---------- DATASET CONTENT

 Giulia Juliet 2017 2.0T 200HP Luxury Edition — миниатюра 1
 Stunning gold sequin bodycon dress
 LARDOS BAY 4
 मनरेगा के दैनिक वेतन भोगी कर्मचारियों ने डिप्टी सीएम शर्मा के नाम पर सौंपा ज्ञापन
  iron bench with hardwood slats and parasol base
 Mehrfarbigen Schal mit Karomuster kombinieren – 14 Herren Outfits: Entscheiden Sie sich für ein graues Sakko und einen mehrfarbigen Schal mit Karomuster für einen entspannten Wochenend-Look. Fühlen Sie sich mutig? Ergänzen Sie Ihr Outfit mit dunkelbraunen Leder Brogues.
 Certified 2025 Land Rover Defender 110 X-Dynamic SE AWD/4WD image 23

--------------------
---------- DATASET CONTENT

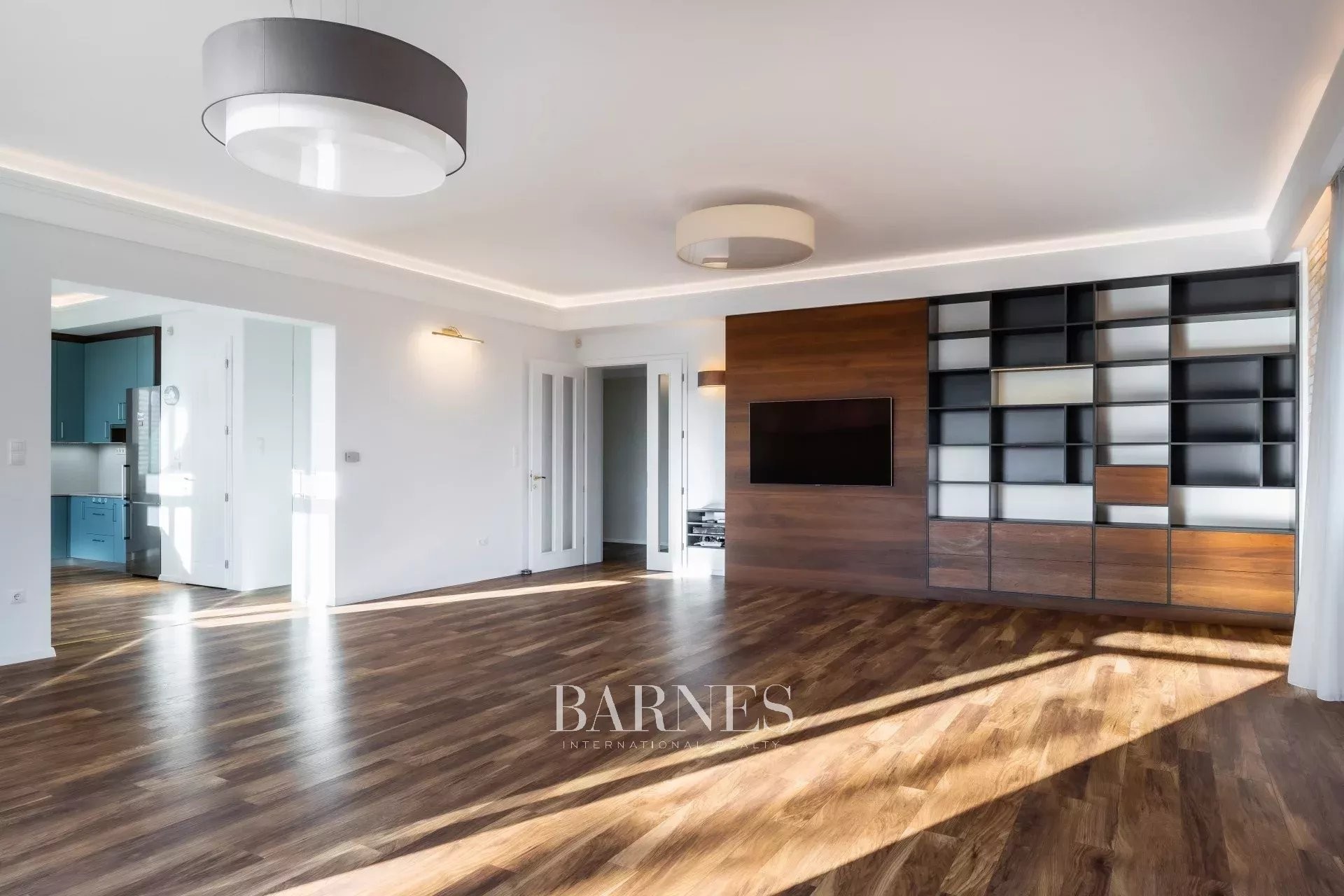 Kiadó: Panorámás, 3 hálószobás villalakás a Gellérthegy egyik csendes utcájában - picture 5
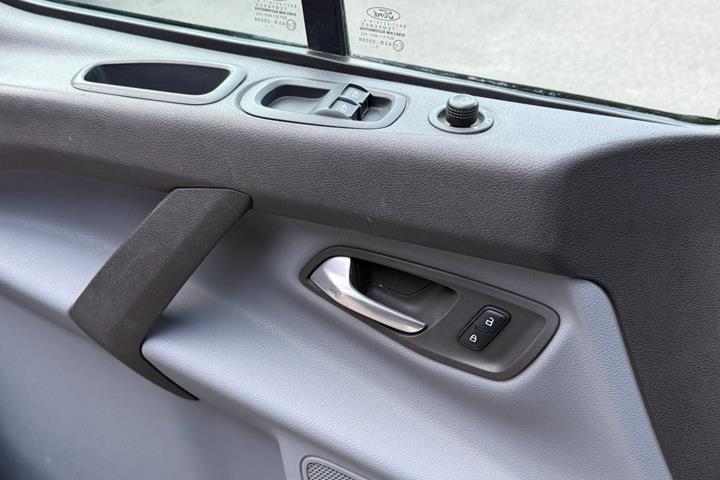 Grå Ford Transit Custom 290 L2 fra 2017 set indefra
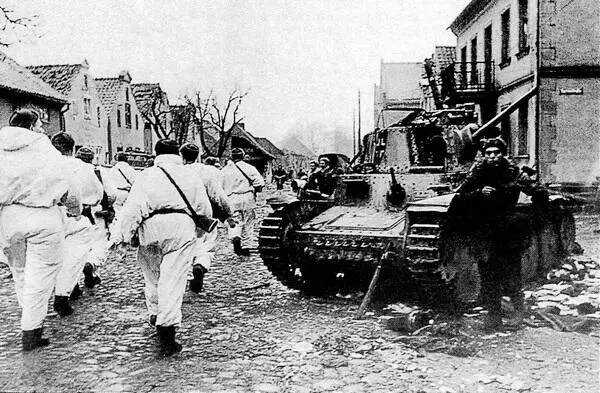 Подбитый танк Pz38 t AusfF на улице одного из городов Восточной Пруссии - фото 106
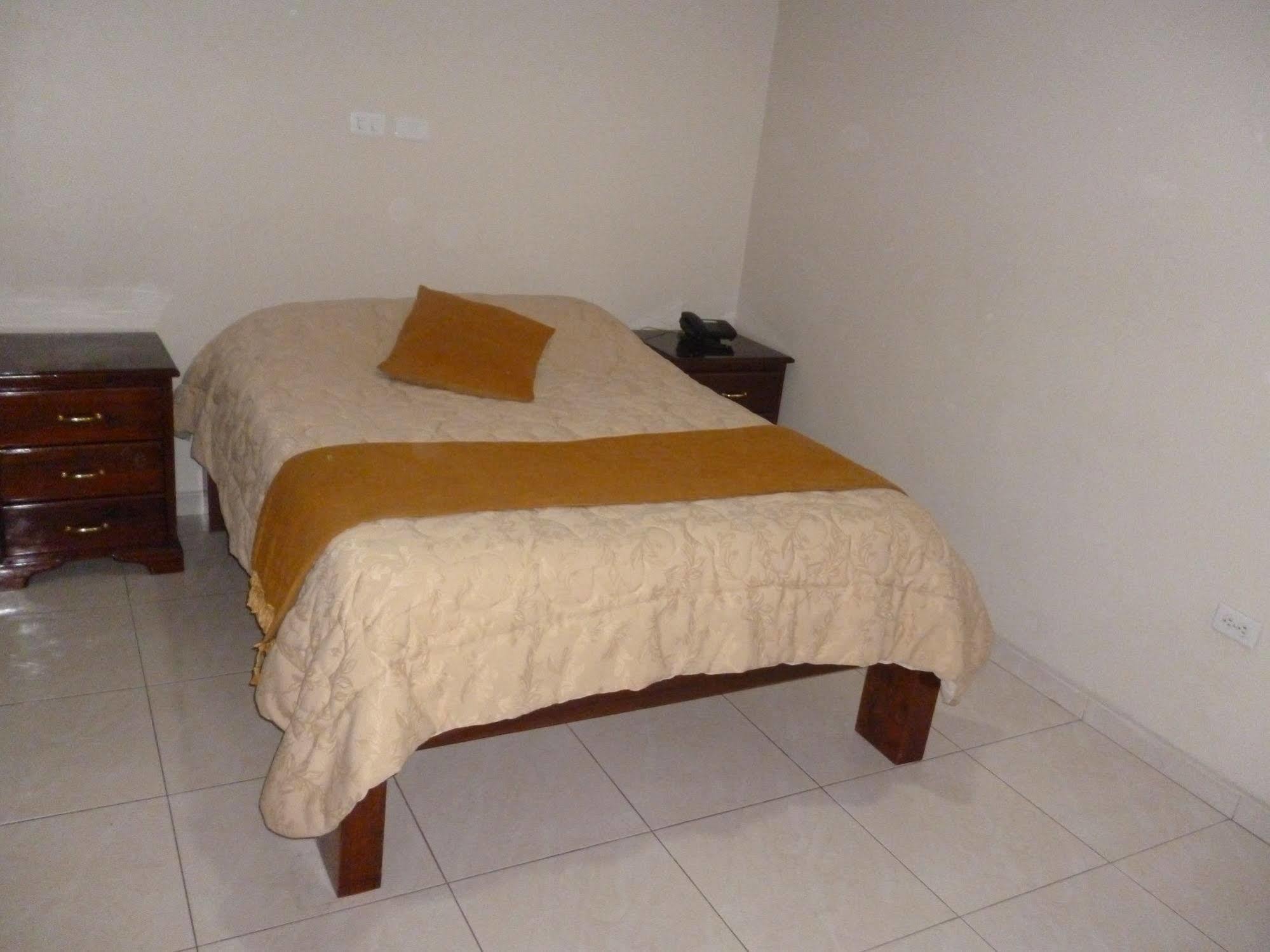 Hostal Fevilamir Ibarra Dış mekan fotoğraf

--------------------

In the entries above, every line from the line with "Подбитый танк Pz38" to the line with "Hostal Fevilamir Ibarra Dış mekan fotoğraf" is to be printed exactly, with both ends included and pictures excluded.

**RESPONSE FOR THIS EXERCISE**:
 Подбитый танк Pz38 t AusfF на улице одного из городов Восточной Пруссии - фото 106
 Hostal Fevilamir Ibarra Dış mekan fotoğraf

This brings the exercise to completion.